Temuan mereka, ekosistem terumbu karang di keempat pulau itu telah terkontaminasi oleh sampah yang berasal dari aktifitas manusia. "Sampah plastik adalah jenis sampah yang banyak ditemukan di ketiga pulau dan telah mencemari ekosistem terumbu karang," demikian laporan Assuyuti.
"Mengurangi jumlah dan dampak sampah di ekosistem terumbu karang diperlukan kesadaran dari masyarakat lokal dan turis untuk tidak membuang sampah terutama plastik ke laut," demikian himbauan moral dalam penelitian itu.
Sampah yang menumpuk menghalangi sinar matahari mencapai ganggang mikroskopis (zooxanthellae) yang hidup bersimbiosis dengan karang. Proses fotosintesis yang terhambat ini dapat menyebabkan pemutihan karang dan kematian.
Pemutihan karang, baik yang disebabkan oleh faktor alam seperti peningkatan suhu laut maupun aktivitas manusia, adalah ancaman serius bagi keberlangsungan terumbu karang.
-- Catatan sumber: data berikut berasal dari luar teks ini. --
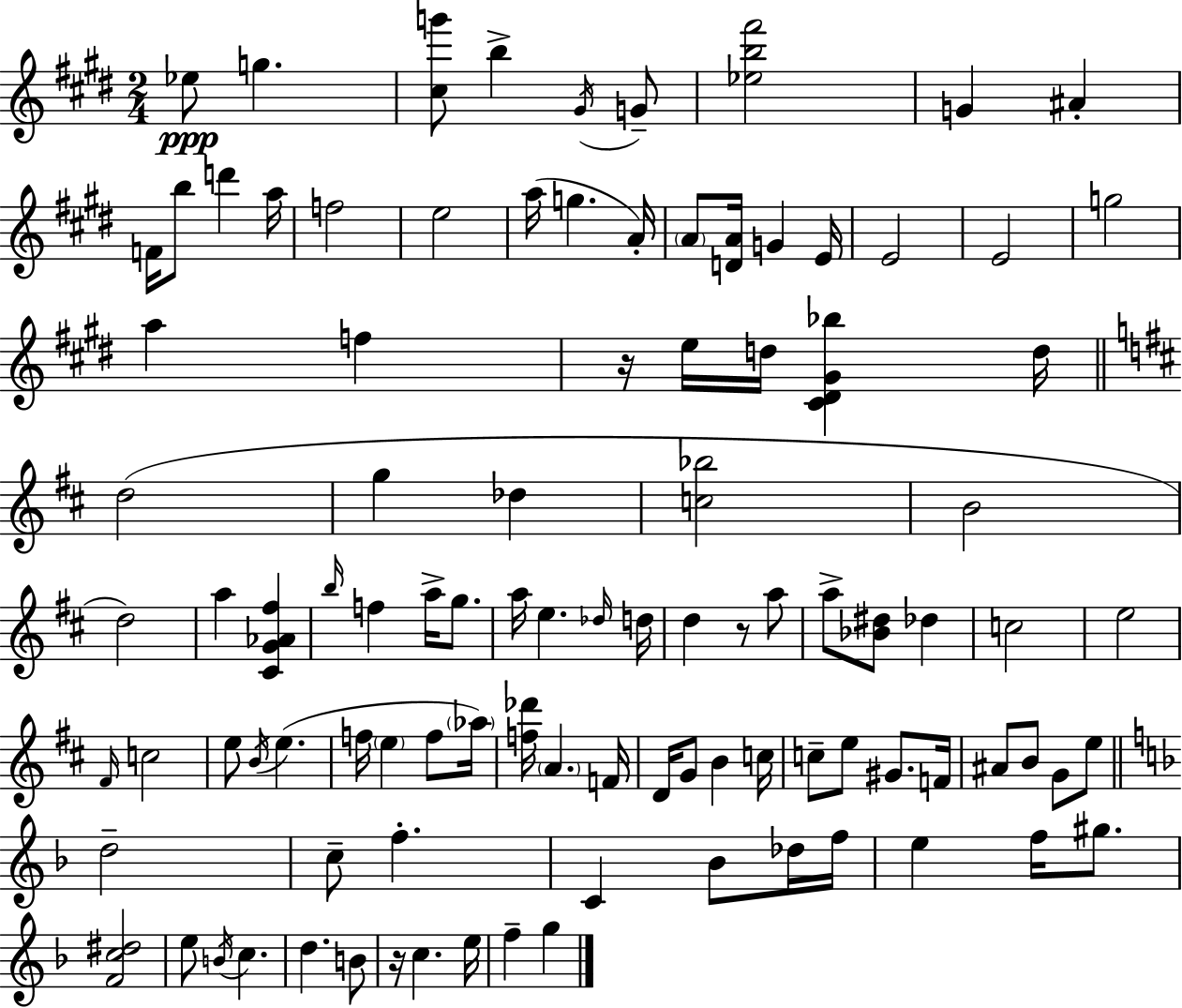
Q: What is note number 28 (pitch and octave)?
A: D5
Ketika karang mengalami stres, mereka akan mengeluarkan zooxanthellae yang memberikan warna khas dan nutrisi bagi karang. Tanpa zooxanthellae, karang akan kehilangan warna dan menjadi rentan terhadap penyakit.
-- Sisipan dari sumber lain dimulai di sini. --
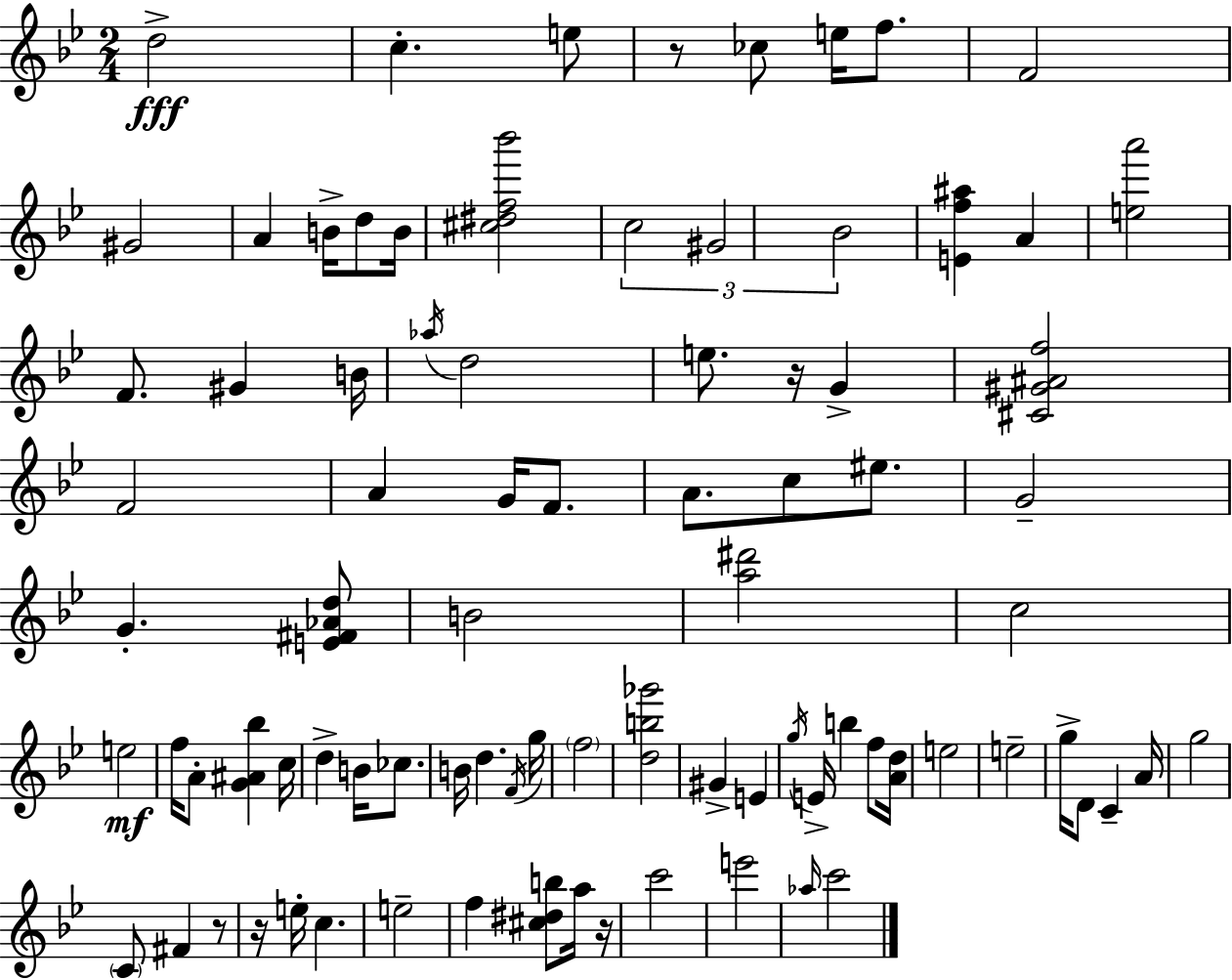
{
  \clef treble
  \numericTimeSignature
  \time 2/4
  \key g \minor
  \repeat volta 2 { d''2->\fff | c''4.-. e''8 | r8 ces''8 e''16 f''8. | f'2 | \break gis'2 | a'4 b'16-> d''8 b'16 | <cis'' dis'' f'' bes'''>2 | \tuplet 3/2 { c''2 | \break gis'2 | bes'2 } | <e' f'' ais''>4 a'4 | <e'' a'''>2 | \break f'8. gis'4 b'16 | \acciaccatura { aes''16 } d''2 | e''8. r16 g'4-> | <cis' gis' ais' f''>2 | \break f'2 | a'4 g'16 f'8. | a'8. c''8 eis''8. | g'2-- | \break g'4.-. <e' fis' aes' d''>8 | b'2 | <a'' dis'''>2 | c''2 | \break e''2\mf | f''16 a'8-. <g' ais' bes''>4 | c''16 d''4-> b'16 ces''8. | b'16 d''4. | \break \acciaccatura { f'16 } g''16 \parenthesize f''2 | <d'' b'' ges'''>2 | gis'4-> e'4 | \acciaccatura { g''16 } e'16-> b''4 | \break f''8 <a' d''>16 e''2 | e''2-- | g''16-> d'8 c'4-- | a'16 g''2 | \break \parenthesize c'8 fis'4 | r8 r16 e''16-. c''4. | e''2-- | f''4 <cis'' dis'' b''>8 | \break a''16 r16 c'''2 | e'''2 | \grace { aes''16 } c'''2 | } \bar "|."
}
Sebagai seorang ilmuwan sekaligus ahli oseanografi di National Geographic, Sylvia Earle menyampaikan kekhawatirannya mengenai kehidupan biota laut. Ia berharap bahwa manusia senantiasa berkontribusi menjaga lautan. "Tatanan lautan adalah napas kehidupan. Jika kita merusaknya, kita tengah menghancurkan diri kita sendiri," ujarnya dengan penuh makna.
Pernyataan ini mengingatkan kita akan pentingnya menjaga kelestarian terumbu karang. Sebagai sumber daya alam yang sangat berharga, terumbu karang perlu dilindungi dan dijaga keberadaannya.